• _Directions_
Once the line containing "Надувна SUP-дошка AM" is located, output it and every line after it through the end of the records, exactly as written and nothing else.

Entries shown Start Marker

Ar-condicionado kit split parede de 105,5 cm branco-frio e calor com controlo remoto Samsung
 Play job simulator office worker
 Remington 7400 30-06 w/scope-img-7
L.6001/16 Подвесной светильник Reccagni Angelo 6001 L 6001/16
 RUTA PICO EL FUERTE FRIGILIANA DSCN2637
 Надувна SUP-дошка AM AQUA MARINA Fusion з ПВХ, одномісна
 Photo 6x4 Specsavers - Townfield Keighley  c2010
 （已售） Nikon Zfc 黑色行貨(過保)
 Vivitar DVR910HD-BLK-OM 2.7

Entries shown End Marker

• _Solution to this problem_
 Надувна SUP-дошка AM AQUA MARINA Fusion з ПВХ, одномісна
 Photo 6x4 Specsavers - Townfield Keighley  c2010
 （已售） Nikon Zfc 黑色行貨(過保)
 Vivitar DVR910HD-BLK-OM 2.7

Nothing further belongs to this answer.